Shareholder derivative action to be able to seek the company external judicial power of correction and optimization of the structure of corporate governance, the balance controlling shareholder and minority shareholders of both forces, strengthen the supervision of the directors, managers and other personnel in the leadership of the company directors, supervisors and senior management The power to form a real and effective constraints and supervision activities, to create shareholder derivative litigation system is necessary in our country. However, since the promulgation and implementation of a new leaf "Company Law", the shareholders filed derivative lawsuits rarely occur, because the very huge litigation costs faced by the shareholders to start the program, in favor of the benefit of the company. That is because the true shareholder derivative litigation oversight procedures need to be mobilized incentives. Even if the United States is such a "good v. country, this is also the same attention. Such as law, shareholder derivative litigation in favor of the entire class of human or entities where he and others benefit, then the plaintiff's reasonable legal fees can be extracted from the compensation. "China's" Company Law " shareholder derivative litigation systems in some provisions, but the lack of incentives sue shareholders, result in practice ineffective, should the following aspects perfect.

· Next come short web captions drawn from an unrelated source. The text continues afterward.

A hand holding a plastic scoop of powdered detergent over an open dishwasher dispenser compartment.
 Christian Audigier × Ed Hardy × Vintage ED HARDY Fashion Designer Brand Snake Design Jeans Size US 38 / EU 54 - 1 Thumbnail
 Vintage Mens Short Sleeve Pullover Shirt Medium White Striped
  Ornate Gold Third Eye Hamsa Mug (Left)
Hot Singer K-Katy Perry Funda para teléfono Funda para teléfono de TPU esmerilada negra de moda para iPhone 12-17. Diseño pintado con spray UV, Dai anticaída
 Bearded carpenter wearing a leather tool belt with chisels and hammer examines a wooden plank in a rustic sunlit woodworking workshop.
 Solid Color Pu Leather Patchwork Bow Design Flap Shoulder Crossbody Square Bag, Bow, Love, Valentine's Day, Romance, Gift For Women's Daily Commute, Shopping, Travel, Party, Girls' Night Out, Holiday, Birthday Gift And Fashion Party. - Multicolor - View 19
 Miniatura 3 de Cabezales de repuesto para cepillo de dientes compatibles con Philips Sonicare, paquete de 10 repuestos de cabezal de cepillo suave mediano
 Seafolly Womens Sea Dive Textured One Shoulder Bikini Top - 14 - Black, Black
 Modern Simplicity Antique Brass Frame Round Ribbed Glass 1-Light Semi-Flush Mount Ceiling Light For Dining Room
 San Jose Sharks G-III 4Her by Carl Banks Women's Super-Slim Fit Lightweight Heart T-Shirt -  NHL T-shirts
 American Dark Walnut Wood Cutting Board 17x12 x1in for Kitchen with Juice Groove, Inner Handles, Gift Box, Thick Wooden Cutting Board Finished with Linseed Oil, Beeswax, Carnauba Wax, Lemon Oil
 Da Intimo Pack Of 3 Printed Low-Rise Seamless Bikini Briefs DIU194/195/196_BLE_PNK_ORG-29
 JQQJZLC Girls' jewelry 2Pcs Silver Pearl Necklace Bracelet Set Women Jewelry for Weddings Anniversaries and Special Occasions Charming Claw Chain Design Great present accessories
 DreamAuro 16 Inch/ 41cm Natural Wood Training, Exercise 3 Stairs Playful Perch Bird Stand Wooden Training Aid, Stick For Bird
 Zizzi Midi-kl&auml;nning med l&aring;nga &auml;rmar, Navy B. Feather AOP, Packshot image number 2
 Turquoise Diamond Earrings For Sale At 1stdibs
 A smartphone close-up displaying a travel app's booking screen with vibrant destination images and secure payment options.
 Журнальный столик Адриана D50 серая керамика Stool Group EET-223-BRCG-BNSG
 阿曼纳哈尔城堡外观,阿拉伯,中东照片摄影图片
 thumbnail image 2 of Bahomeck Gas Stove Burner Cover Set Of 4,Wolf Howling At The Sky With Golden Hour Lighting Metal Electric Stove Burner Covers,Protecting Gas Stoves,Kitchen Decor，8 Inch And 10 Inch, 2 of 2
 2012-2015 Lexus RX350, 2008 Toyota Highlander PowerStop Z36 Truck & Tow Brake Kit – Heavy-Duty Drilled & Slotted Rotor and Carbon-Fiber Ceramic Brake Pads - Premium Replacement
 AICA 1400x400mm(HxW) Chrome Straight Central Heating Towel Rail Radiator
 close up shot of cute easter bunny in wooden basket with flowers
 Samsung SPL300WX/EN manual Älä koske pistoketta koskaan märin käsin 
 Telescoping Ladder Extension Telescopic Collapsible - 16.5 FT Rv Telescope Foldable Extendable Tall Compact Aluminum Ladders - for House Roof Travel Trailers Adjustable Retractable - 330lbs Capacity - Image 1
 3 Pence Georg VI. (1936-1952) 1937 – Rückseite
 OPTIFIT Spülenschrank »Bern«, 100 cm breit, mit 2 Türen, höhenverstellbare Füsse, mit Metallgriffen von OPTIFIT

1. Plaintiff shareholders directly for repayment of
Shareholder derivative litigation results in accordance with the Companies Act theory, attributed to the company, but, in some cases, in favor of the plaintiff, the damages in order to be able to make real benefit shareholders of the no-fault and other interests of the creditors of the company and the company does not infringe under the premise of relevant interests, in favor of the shareholders in proportion to their holdings in favor of the interests of the income distribution provisions enjoy direct repayment. Otherwise, even if well-intentioned shareholder litigation, there is likely to reach the litigation purposes, because the shareholder derivative action is internal misuse of company property. At this point, the favor of the benefit of the company, will enable recovery after the property is under the control of the internal human again. And derived litigation innocent shareholders and shareholders fault. The favor of the interests of due entirely to the company, the shareholders fault and no fault of shareholder equality and the repayment of debt situation, even the defendant against the interests of the company shareholders instead its own pay compensation benefit This is undoubtedly unfair, contrary to shareholder derivative litigation system was originally designed. 2 in favor of the plaintiff litigation costs compensation provisions
According to China's Civil Procedure Law ", in favor of the plaintiff only require the defendant to pay the legal costs of litigation prepaid. As for the attorneys 'fees, investigation fees, other costs will still be borne by the plaintiff, shareholder derivative litigation attorneys' fees are usually higher, in this case, and no doubt will hit shareholders sue enthusiasm. The cost of the huge litigation costs, to shareholders in terms of the lack of incentives; Moreover, litigation costs borne by the individual plaintiff shareholders, but in favor of the result is shared by all the shareholders, shareholders sue is also difficult psychological balance. This problem is not solved, will be difficult to play the role of the shareholder derivative litigation system. In order to protect the interests of the plaintiff shareholders, to avoid personally assume all risk of litigation and to enhance shareholder filed a derivative action actively, it is necessary to give its litigation costs compensation claims.